New Ethereum blog post by Dr. Gavin Wood: "Blockchain Scalability: Chain-Fibers Redux"

First of all, it makes me giddy like a school child to read a reasonably detailed description of a scalable blockchain architecture for the first time ever. I am in no way qualified to judge the merit of such a complex cryptocurrency algorithm, but I have to say on a first reading it sounds like a plausible approach that addresses most of the most obvious problems.

However, it's possible I'm misreading some of the core concepts, can other readers let me know if misunderstood any of the essential details, as described below?

Let's say an account address starts with "100110..." binary and another starts with "100111..." if the "N" value is set to 4, then these two accounts would be in the same fiber, as would all other accounts beginning in "1001".

However, a user might send money from account "100110..." to account "011100...", which represent two very very distant fibers- However, there would be a collator somewhere that would maintain the full history of the fiber "1001" and fiber "0111" and has all the information needed to create an "X-Fiber Block", which includes documenting lots of detailed merkle tree info, which allows anyone to validate an X-Fiber Block even if they don't have any of the history of the fibers that are involved.

However, the problem now becomes that there could be THOUSANDS and THOUSANDS of these X-Fiber Blocks created every second, many more than any single computer could possibly validate (less so because of CPU time, and more so that the bandwidth required would be staggeringly huge.) This is where the validators and "fishermen" come in...

...A validator agrees to validate some subset of these X-Fiber Blocks, in exchange for a reward.
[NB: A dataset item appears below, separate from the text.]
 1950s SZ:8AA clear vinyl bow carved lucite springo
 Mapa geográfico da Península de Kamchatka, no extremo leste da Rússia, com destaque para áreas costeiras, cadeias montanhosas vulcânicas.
There is essentially an auction for the validator slots, whereby the people willing to put up the largest deposit get to be validators. However, if a validator "cheats" and doesn't do all the work required to validate their assigned blocks (or even maliciously validates faulty blocks) an outside person (i.e. a fisherman) can capture this deposit, by essentially "pointing a flashlight" at the faulty X-Fiber block, which will make other validators have a look-see as well.

In this manner, it would be probabilistically and economically very difficult (but not theoretically impossible) for a person to get an invalid transaction confirmed (in an invalid X-Fiber block). However, if a person COULD manage this, they could do any number of nasty things, such as give themselves large amounts of money out of thin air.
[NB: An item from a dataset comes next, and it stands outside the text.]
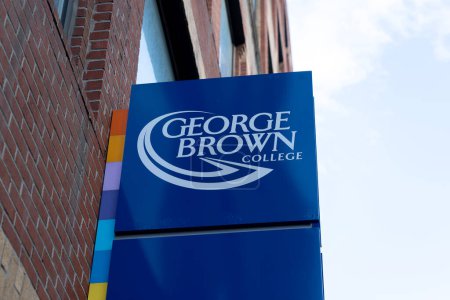 Téléchargez les photos : Toronto, Canada - 9 novembre 2020 : Panneau suspendu du George Brown College vu à Toronto. George Brown est un collège public d'arts appliqués et de technologie. - en image libre de droit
If this "worst case" scenario happens (and the goal would be that this circumstance NEVER arises, again because of probabilistic and economic factors) then the currency would have to receive a software patch which both "rolls back" the invalid transaction(s) and hopefully puts in place countermeasures for that type of attack never to happen again.
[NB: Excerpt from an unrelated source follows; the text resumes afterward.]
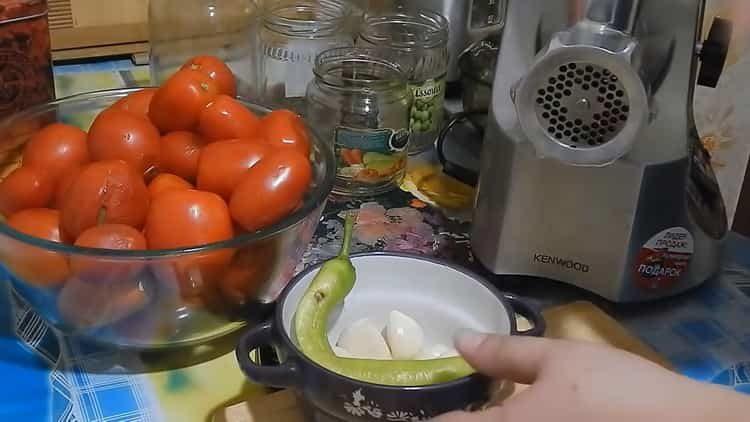 Cómo cocinar adjika sin cocinar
From my own perspective as a novice, here are the main concerns that come to mind:

  1. In the "worst case" scenario (i.e. a horribly faulty block slips through the firshermen's nets) an attacker could receive a large amount of invalid currency all at once, which they could then quickly "smear" across all the fibers with mixing. It seems like it would be very difficult to undo such damage retroactively with a software patch, even if everyone agrees to the faultiness of the block, since the quantities of data involved in such an "infinitely scalable" system are just so huge.

  2. If the invalid blocks get missed by fishermen, is it even conceivable that invalid blocks get missed by EVERYBODY? In other words, could it be that a decade later a researcher analyses the system and says "There's a trillion more ethers in the system than there's supposed to be, and we'll never be able to find out where those ethers came from" (Naturally this supposes that the data has become so large that no single entity can maintain an analyse the full block history of all fibers anymore.)

  3. I worry about the "amplification" caused by the doubling of deposits suggested by the "use validators to validate other validators" mechanism. Let's says somebody finds a small satoshi rounding error bug in the source code that let's them create an ambiguously-valid block somewhere: They might be able to leverage the validation mechanism to multiply this small bug into a million dollar deposit payout by pitting validators against each other.

  4. It's hard for me to figure out the economic interests of collators, and if some people might end up with transactions between distant fibers that simply will never, ever get confirmed.

Anyway, this is really exciting reading, excited to see how Chain-fibers concept progresses!